━━━ The data ━━━

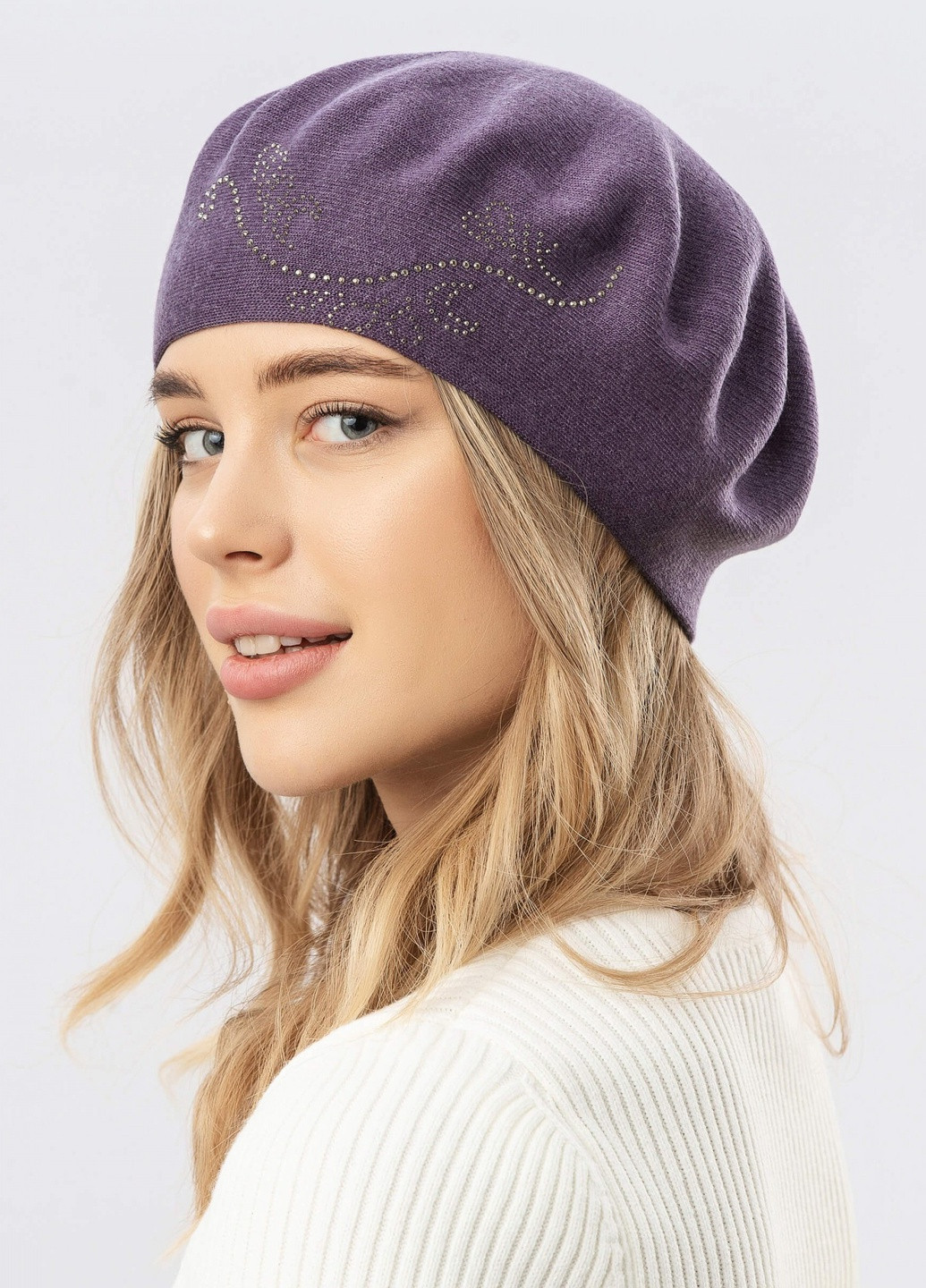 Берет двойной стрейчевый женский Cо стразами -62 56см-58см Фиолетовый W-Luxury 9260ST12 (254046434)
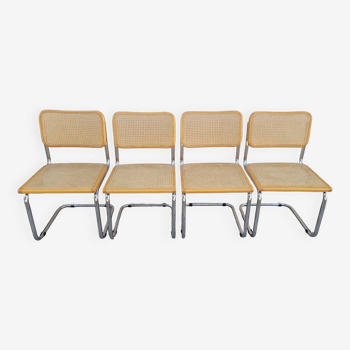 Series of 4 Marcel Breuer B32 chairs signed Italy - 1970s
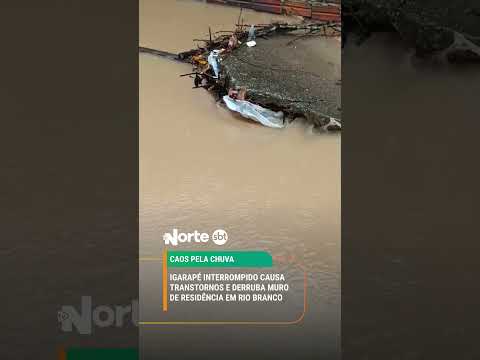 Igarapé interrompido causa transtornos e derruba muro de residência em Rio Branco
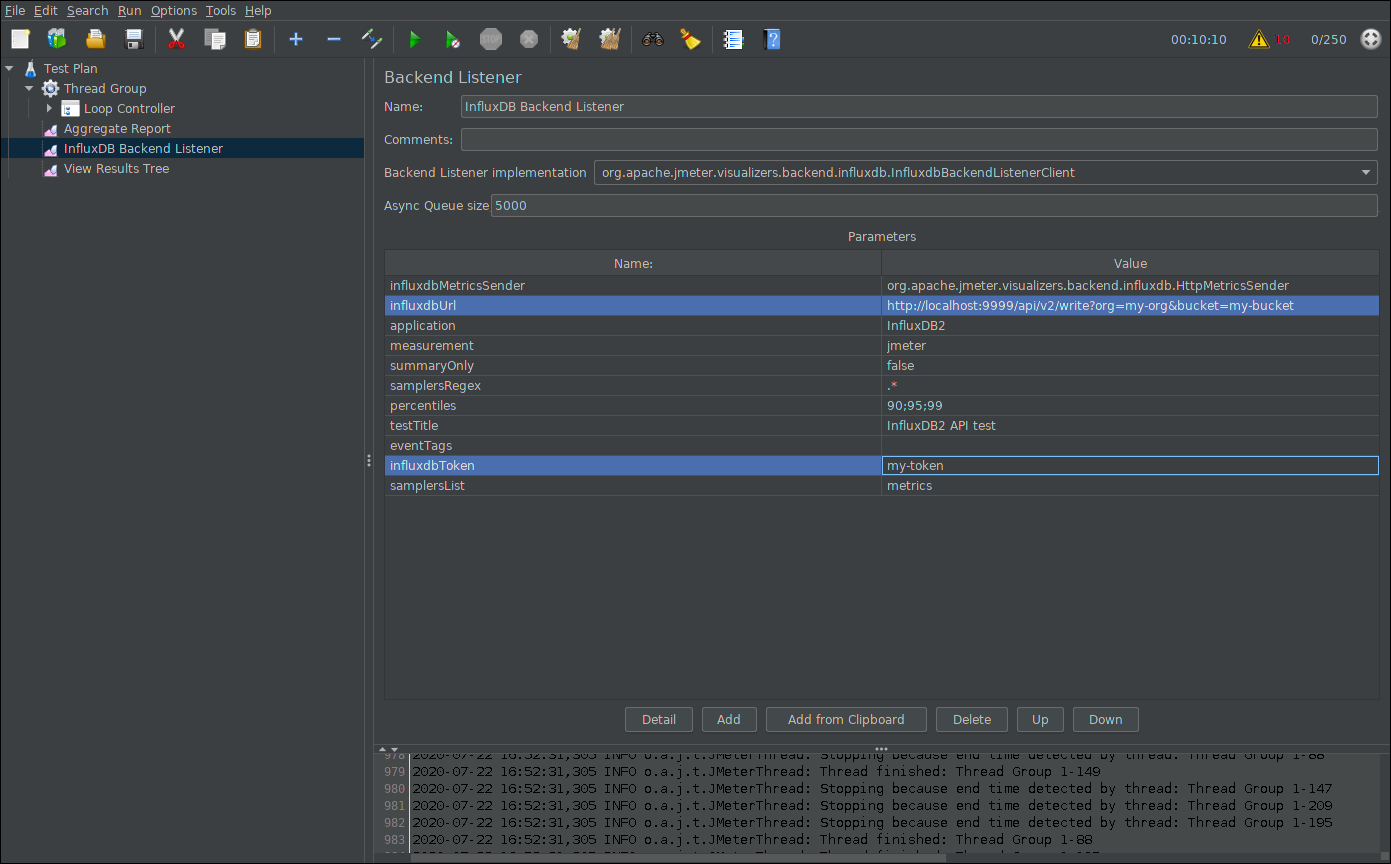 Example Apache JMeter configuration screenshot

━━━

All of the material above should be copied exactly, minus the pictures.

 Берет двойной стрейчевый женский Cо стразами -62 56см-58см Фиолетовый W-Luxury 9260ST12 (254046434)
 Series of 4 Marcel Breuer B32 chairs signed Italy - 1970s
 Igarapé interrompido causa transtornos e derruba muro de residência em Rio Branco
 Example Apache JMeter configuration screenshot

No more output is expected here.